まだまだ元気、がんばります 高齢者ボランティアが独居者にお弁当

 浦安市も高齢化が進み、引きこもりがちな一人暮らしのお年寄りも増えた。そんな人たちにボランティアで手作りのお弁当を届けているグループがある。届ける方も60代から80代の人たち。地道な活動だが、これからも続けたいという。
 「おべんとうボランティアグループ」(小野寺節子代表)に所属する45人。3つの班に分かれ、毎週木曜日、社会福祉協議会のキッチンで調理班がお弁当を作り、お絵かき班がそれを季節感あふれるかけ紙で包み、配達班に引き継ぐシステムだ。
 グループには夫妻で参加している人たちがいる。

おべんとうボランテ ィアグループ

お弁当づくりに頑張るボランティアグループの人たち
(社会福祉協議会のキッチン)

 今泉美地子さん(80)はこの活動に参加して約28年。調理班に所属し、月2回の決まりだが、人手が足りないときはしばしば手伝いに出る。
 夫の紀久男さん(88)は配達する人が足りないからと美地子さんに口説かれて参加した。10年間続け、昨年秋に引退したが、高齢者の集まりには今でも率先して足を運ぶ。
 美地子さんは「みなさんに教えられることが多く、逆に元気をもらっています」と話す。
 大栗基司さん(70)は配達班のリーダー的存在。妻の友己子さん(63)が参加する調理班の弁当をせっせと配る。
 グループ最年長は、お絵かき班の今宮良子さん(87)で、この班では新井キミ子さん(84)も頑張る。

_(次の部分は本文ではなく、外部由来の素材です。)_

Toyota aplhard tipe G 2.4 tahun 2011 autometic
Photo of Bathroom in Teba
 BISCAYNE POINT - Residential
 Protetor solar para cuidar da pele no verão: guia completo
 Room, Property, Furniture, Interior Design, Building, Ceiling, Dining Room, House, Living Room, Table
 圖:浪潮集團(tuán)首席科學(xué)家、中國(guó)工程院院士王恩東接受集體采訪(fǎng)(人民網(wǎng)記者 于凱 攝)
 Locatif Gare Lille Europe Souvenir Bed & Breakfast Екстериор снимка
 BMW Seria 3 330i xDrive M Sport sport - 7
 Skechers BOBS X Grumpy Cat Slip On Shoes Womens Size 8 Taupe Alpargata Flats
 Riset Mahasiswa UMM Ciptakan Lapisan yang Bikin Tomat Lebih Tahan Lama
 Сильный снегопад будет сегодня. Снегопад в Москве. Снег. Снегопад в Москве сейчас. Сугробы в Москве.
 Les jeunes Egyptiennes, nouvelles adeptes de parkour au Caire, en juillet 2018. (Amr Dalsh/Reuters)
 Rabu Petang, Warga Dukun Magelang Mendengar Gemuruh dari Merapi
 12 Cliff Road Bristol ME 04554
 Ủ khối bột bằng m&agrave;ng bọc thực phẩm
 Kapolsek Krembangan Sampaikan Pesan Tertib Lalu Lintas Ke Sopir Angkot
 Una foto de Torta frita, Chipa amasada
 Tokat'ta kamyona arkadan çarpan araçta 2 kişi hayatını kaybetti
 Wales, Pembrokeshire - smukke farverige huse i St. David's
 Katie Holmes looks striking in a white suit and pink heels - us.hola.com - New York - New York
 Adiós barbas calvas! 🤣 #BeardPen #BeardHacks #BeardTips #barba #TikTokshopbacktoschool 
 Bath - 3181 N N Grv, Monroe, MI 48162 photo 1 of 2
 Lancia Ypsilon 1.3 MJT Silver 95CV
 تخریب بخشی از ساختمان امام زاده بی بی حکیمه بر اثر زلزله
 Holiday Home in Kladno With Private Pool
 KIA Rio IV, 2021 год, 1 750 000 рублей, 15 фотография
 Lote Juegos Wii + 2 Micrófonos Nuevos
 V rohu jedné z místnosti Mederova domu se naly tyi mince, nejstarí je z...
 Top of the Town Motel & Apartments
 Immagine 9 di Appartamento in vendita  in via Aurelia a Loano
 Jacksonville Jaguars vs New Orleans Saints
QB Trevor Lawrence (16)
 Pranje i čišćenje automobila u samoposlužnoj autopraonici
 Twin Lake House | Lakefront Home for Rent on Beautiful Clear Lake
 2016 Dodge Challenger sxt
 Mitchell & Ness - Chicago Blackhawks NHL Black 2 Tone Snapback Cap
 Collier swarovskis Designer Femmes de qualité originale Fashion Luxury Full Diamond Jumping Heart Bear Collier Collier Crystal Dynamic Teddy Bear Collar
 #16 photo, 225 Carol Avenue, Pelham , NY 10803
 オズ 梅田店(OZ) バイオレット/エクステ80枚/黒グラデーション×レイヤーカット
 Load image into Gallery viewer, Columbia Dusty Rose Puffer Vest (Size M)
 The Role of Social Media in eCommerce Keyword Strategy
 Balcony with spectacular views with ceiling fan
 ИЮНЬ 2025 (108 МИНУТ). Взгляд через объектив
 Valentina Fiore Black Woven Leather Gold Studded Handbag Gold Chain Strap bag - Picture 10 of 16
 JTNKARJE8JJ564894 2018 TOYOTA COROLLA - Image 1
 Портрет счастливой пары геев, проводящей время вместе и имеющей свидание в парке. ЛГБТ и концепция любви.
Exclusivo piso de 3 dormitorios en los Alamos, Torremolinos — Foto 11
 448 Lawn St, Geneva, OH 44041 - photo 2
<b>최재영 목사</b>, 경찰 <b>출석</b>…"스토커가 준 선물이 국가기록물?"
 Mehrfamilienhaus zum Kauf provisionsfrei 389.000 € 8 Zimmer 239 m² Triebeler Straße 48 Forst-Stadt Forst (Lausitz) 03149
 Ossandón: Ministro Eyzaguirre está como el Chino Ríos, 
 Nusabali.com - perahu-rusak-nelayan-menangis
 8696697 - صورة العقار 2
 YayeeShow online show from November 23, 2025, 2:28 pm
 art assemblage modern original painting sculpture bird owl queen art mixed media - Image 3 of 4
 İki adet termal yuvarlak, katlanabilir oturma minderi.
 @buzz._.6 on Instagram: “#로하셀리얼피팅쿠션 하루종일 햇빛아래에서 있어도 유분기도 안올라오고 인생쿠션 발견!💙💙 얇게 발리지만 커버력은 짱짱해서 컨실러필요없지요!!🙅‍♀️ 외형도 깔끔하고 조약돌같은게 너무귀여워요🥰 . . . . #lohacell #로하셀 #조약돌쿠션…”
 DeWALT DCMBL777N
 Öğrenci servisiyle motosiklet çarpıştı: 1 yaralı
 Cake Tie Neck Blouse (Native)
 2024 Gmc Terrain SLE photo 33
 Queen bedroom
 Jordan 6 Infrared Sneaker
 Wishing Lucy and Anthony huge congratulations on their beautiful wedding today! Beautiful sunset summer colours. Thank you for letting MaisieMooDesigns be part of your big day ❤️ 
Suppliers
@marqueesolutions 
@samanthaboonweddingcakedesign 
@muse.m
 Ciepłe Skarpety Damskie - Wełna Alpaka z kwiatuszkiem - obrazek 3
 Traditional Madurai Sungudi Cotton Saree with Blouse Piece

活動年数が一番長いのは飯島町子さん(77)で、36年を数える。
 お弁当の届先は一人暮らしで収入が少ないなどの条件にあう高齢者で、対象は現在49人。月2回、昼食に届ける。
 材料は旬のものを中心に、ボランティアが献立を考え、衛生面をチェックしながら約3時間かけて作成する。この間、立ちっぱなしでも文句一つ出ない。費用は社会福祉協議会が支援するが、ボランティアには手当てはない。
 小野寺さんは「高齢者が頑張っている姿勢が、多くの方のお手本になればと思います。皆さんにはこれからもぜひ頑張っていただきたいですね」。